Dès l’aube de ce lundi 26 janvier 2026, la grève des conducteurs de transports en commun a profondément perturbé la circulation à Kinshasa, transformant les rues de certaines communes en longues files de piétons. À Bandalungwa, Kintambo , Gombe, au centre de la capitale congolaise, des centaines d’habitants ont été contraints de parcourir de longues distances à pied pour rejoindre leurs lieux de travail ou d’études.
Sac sur le dos, Marie Kiala, employée dans une société privée, marche d’un pas pressé sous le soleil déjà pesant. « Je suis partie de la maison à 5 heures du matin. Habituellement, je prends un taxi-bus, mais aujourd’hui il n’y avait rien. Si je n’arrive pas à temps, je risque une sanction », confie-t-elle, essoufflée.
D’autres, comme Jean-Pierre, élève du secondaire, ont opté pour les motocyclistes. « C’est cher, mais je n’avais pas le choix. Les examens approchent », explique-t-il.

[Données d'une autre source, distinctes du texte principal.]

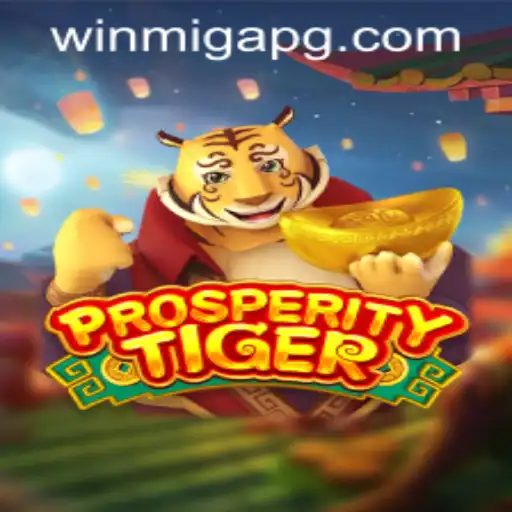 Unveiling ProsperityTiger: A Journey into Strategic Gameplay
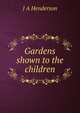 Gardens shown to the children, J A Henderson 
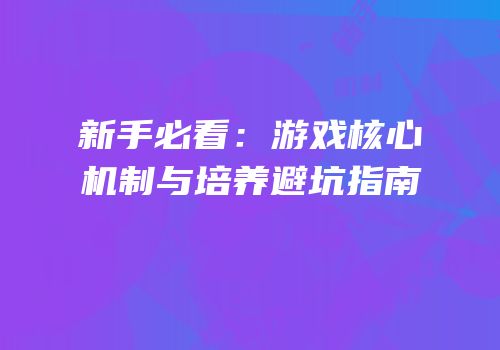 新手必看：游戏核心机制与培养避坑指南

Au rond-point Ngaba, scène inhabituelle : aucun taxi-bus, aucun taxi-moto. Le carrefour, d’ordinaire bondé et bruyant, est resté presque désert. « On dirait un dimanche matin », observe un vendeur ambulant. « Depuis ce matin, il n’y a pas de clients. Tout est bloqué à cause de la grève », regrette-t-il.
Cette paralysie fait suite à la grève décrétée par les différentes associations de chauffeurs, laissant de nombreux usagers dans l’incertitude. Toutefois, la situation n’est pas uniforme dans toute la ville. Dans le regroupement communal de Tshangu, à l’est de Kinshasa, aucun mouvement de grève n’a été observé. Les transports y fonctionnaient normalement, au grand soulagement des habitants.
« Ici, nous avons circulé sans problème ce matin », témoigne Pauline Masengu., commerçante à Tshangu. « Quand on entend ce qui se passe ailleurs, on se rend compte que nous avons eu de la chance aujourd’hui. »
En attendant une issue à ce mouvement de grève, de nombreux Kinois restent confrontés à une mobilité réduite, contraints de s’adapter, souvent dans la fatigue et l’incertitude.